Il était une fois une affreuse et repoussante vieille dame que tous les enfants de ce petit village craignaient comme la peste. Pour chacun d'eux, elle était sorcière effrayante, vieille folle qu'il fallait éviter ; la croiser dans la rue était une épreuve. Les adultes qu'ils sont devenus évoquent encore ce souvenir lointain, avec des frissons dans le dos.

La fin de cette pauvre femme fut à l'image de cette réputation qui progressivement l'enferma dans un rôle qui n'était pas glorieux.
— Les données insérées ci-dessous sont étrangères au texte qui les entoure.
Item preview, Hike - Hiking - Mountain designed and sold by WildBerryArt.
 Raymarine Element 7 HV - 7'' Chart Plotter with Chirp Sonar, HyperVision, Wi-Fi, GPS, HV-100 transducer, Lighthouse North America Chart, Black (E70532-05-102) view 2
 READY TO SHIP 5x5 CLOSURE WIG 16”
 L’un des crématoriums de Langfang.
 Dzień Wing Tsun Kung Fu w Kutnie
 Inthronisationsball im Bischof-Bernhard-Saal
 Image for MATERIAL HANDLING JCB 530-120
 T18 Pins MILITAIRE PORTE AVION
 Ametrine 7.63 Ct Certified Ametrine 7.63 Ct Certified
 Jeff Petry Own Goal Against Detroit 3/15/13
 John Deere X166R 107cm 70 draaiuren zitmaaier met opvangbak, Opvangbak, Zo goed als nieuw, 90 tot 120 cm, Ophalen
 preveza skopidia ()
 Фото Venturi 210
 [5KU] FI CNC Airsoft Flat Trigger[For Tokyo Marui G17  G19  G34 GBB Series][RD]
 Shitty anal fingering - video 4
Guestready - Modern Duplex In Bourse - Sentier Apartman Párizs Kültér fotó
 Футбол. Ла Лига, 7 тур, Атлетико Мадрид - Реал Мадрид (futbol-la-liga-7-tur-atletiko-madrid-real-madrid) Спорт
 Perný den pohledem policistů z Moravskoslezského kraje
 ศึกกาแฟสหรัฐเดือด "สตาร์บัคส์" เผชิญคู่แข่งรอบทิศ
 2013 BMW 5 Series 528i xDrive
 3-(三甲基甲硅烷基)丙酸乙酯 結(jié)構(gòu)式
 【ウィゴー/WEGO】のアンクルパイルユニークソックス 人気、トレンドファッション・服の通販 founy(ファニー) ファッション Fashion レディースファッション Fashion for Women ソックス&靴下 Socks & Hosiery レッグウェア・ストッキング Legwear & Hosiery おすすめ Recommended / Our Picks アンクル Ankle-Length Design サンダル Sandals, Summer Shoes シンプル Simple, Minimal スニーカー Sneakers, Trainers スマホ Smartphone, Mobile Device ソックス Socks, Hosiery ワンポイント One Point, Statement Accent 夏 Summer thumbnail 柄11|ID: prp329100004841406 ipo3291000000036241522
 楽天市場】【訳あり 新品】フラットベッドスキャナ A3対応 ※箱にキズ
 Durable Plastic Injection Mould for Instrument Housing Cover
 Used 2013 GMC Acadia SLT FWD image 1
Sorcière, était-elle devenue, c'est en sorcière qu'elle allait périr. Pourtant, sa destinée eût pu être tout autre. Il eût suffi d'un signe, d'un regard ou d'une passion qui n'eût pas été entravée.

Irène avait été jeune. Irène avait été belle en ce temps glorieux. Ses yeux surtout, d'un bleu si profond, n'étaient pas encore déparés par la froideur de ce qui fait peur. Bien au contraire, ils étaient pièges à garçons ! C'est ainsi qu'un jeune homme du village s'y laissa prendre mais en retour toucha le cœur de la belle. Ces deux-là s'aimaient, c'est du moins ce qui se raconte encore mais le mariage n'était pas possible. Irène était d'une famille trop modeste pour que l'alliance se fît,

Il faut peu de chose pour basculer dans une forme de folie. Irène ne se remit jamais de cet amour contrarié. Enfermée dans sa modeste demeure, elle se coupa du monde, se négligea , cessa de se laver. Petit à petit, enchâssés dans sa laideur repoussante, ses yeux si beaux semblaient à présent , d'inquiétants diamants glacés ….

Irène était seule ; elle le resterait toute sa longue vie. Ses contacts désormais se limitaient à ses chèvres, ses lapins et de rares clients qui surmontaient leur aversion pour acheter ses succulents fromages. Les enfants du bourg lui jetaient des pierres et lui lançaient des insultes. Elle puait ! Cela justifiait hélas ce comportement si peu recommandable …

Irène vivait aussi dans une saleté sans nom, ce que ne révèle pas aujourd'hui sa maison , devenue la petite bibliothèque du village où l'on peut admirer un trésor : un magnifique pressoir à l'ancienne, pièce d'exception et de collection ! Du temps de la dame, cette merveille était dissimulée sous une couche de fumier qui occupait une grande partie de la masure !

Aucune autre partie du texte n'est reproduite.